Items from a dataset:
*** Begin section ***
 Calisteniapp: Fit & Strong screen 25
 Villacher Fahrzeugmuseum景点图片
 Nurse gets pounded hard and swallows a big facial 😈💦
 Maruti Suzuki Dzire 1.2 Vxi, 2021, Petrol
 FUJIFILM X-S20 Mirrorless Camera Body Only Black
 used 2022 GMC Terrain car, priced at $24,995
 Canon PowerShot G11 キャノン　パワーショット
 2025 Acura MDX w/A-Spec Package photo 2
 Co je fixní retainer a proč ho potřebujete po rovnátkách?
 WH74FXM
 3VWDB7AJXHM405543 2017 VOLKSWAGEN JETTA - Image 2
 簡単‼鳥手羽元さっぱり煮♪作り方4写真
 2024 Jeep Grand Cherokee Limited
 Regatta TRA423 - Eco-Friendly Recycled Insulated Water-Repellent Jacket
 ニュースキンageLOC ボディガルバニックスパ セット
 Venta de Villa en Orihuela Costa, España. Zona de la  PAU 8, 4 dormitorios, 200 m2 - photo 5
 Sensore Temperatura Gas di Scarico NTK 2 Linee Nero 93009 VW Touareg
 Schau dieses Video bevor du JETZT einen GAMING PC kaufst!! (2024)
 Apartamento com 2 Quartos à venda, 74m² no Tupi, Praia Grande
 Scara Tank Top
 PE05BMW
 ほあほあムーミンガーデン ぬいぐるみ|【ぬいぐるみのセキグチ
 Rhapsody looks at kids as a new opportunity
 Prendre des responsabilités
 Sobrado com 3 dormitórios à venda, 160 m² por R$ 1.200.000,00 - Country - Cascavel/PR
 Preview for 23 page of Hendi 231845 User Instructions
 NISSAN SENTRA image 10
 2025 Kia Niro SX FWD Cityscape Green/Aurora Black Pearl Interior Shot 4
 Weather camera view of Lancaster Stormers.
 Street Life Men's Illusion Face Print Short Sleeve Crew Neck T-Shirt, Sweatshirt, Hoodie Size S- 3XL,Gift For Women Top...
*** End section ***
### Your objective
Your task is to repeat the entries exactly.

### Response to the task
 Calisteniapp: Fit & Strong screen 25
 Villacher Fahrzeugmuseum景点图片
 Nurse gets pounded hard and swallows a big facial 😈💦
 Maruti Suzuki Dzire 1.2 Vxi, 2021, Petrol
 FUJIFILM X-S20 Mirrorless Camera Body Only Black
 used 2022 GMC Terrain car, priced at $24,995
 Canon PowerShot G11 キャノン　パワーショット
 2025 Acura MDX w/A-Spec Package photo 2
 Co je fixní retainer a proč ho potřebujete po rovnátkách?
 WH74FXM
 3VWDB7AJXHM405543 2017 VOLKSWAGEN JETTA - Image 2
 簡単‼鳥手羽元さっぱり煮♪作り方4写真
 2024 Jeep Grand Cherokee Limited
 Regatta TRA423 - Eco-Friendly Recycled Insulated Water-Repellent Jacket
 ニュースキンageLOC ボディガルバニックスパ セット
 Venta de Villa en Orihuela Costa, España. Zona de la  PAU 8, 4 dormitorios, 200 m2 - photo 5
 Sensore Temperatura Gas di Scarico NTK 2 Linee Nero 93009 VW Touareg
 Schau dieses Video bevor du JETZT einen GAMING PC kaufst!! (2024)
 Apartamento com 2 Quartos à venda, 74m² no Tupi, Praia Grande
 Scara Tank Top
 PE05BMW
 ほあほあムーミンガーデン ぬいぐるみ|【ぬいぐるみのセキグチ
 Rhapsody looks at kids as a new opportunity
 Prendre des responsabilités
 Sobrado com 3 dormitórios à venda, 160 m² por R$ 1.200.000,00 - Country - Cascavel/PR
 Preview for 23 page of Hendi 231845 User Instructions
 NISSAN SENTRA image 10
 2025 Kia Niro SX FWD Cityscape Green/Aurora Black Pearl Interior Shot 4
 Weather camera view of Lancaster Stormers.
 Street Life Men's Illusion Face Print Short Sleeve Crew Neck T-Shirt, Sweatshirt, Hoodie Size S- 3XL,Gift For Women Top...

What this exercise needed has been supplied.